After you’ve fixed this problem by for example adding the docstring “””Implement the cool new feature””” at the top of the new file, you just have to add the new version to the staging area again and re-attempt the commit which should now succeed:

$ git add hydromt/new_feature.py
$ git commit -m "The feature you've all been waiting for."
Trim Trailing Whitespace.................................................Passed
Fix End of Files.........................................................Passed
Check Yaml...........................................(no files to check)Skipped
Check for added large files..............................................Passed
Check python ast.........................................................Passed
Check JSON...........................................(no files to check)Skipped
Debug Statements (Python)................................................Passed
Mixed line ending........................................................Passed
Format YAML files....................................(no files to check)Skipped
ruff.....................................................................Passed
[linting a5e9b683] The feature you've all been waiting for.
 1 file changed, 4 insertions(+)
 create mode 100644 hydromt/new_feature.py

Now you can push your commit as normal.

From time to time you might see comments like these:

import rioxarray # noqa: F401

The noqa is instructing the linters to ignore the specified rule for the line in question. Whenever possible, we try to avoid using these but it’s not always possible. The full list of rules can be found here: Ruff Rules Section Some common ones are:

E501: Line too long.
F401: Unused import.
D102: Public methods should have docstrings.

Test and CI#

We use pytest for testing and github actions for CI. - Unit tests are mandatory for new methods and workflows and integration tests are highly recommended for various - All tests should be contained in the tests directory in functions named test_*. - We use CodeCov to monitor the coverage of the tests and aim for high (>90%) coverage. This is work in progress. - Checkout this comprehensive guide to pytest for more info and tips.

Running the tests#

HydroMT’s tests live in the tests folder and generally match the main package layout. Test should be run from the tests folder.
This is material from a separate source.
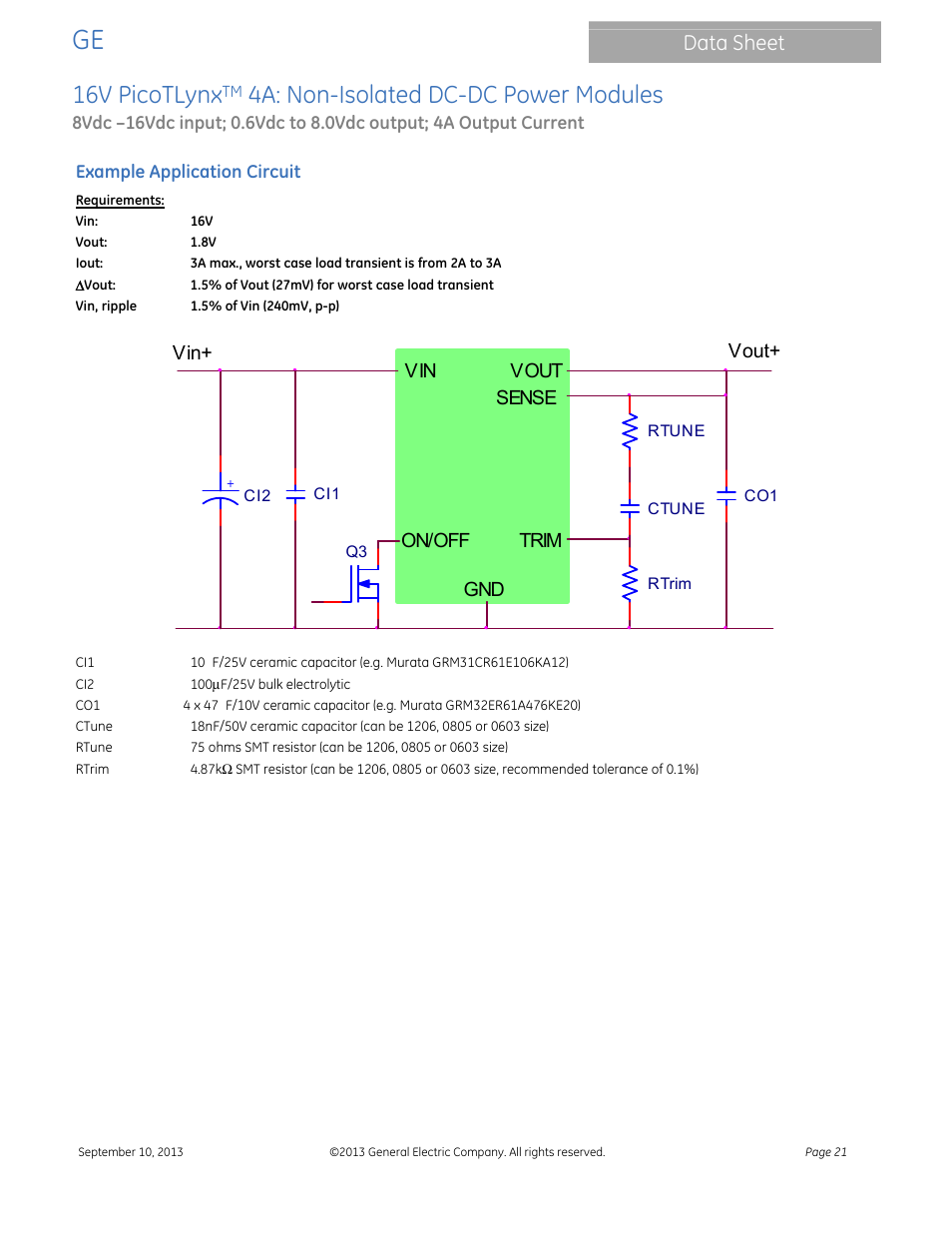 Module, 16v picotlynx, 4a: non-isolated dc-dc power modules | Data sheet | GE Industrial Solutions 16V PicoTLynx 4A User Manual | Page 21 / 26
To run the entire suite and the code coverage report:

$ cd tests
$ python -m pytest --verbose --cov=hydromt --cov-report term-missing

A single test file:

$ python -m pytest --verbose test_rio.py

A single test:

$ python -m pytest --verbose test_rio.py::test_object

Creating a release#

Create a new branch with the name “release/<version>” where <version> is the version number, e.g. v0.7.0
Bump the version number (without “v”!) in the __init__.py, check and update the docs/changelog.rst file and add a short summary to the changelog for this version. Check if all dependencies in the toml are up to date. Commit all changes
Create a new documentation version in the docs/switcher.json that has the same structure as the other version entries. Please make sure the list stays sorted as this represents the ordering of the menu.
Create a tag using git tag <version>, e.g. git tag v0.7.0
Push your changes to github. To include the tag do git push origin <version>. This should trigger a test release to test.pypi.org
If all tests and the test release have succeeded, merge de branch to main.
Create a new release on github under Deltares/hydromt. Use the “generate release notes” button and copy the content of the changelog for this version on top of the release notes. This should trigger the release to PyPi.
The new PyPi package will trigger a new PR to the HydroMT feedstock repos of conda-forge. Check if all dependencies are up to date and modify the PR if necessary. Merge the PR to release the new version on conda-forge.

Note

In the next PR that get’s merged into main, the version numbers in __init__.py and the changelog should be changed to the next release with “.dev” postfix.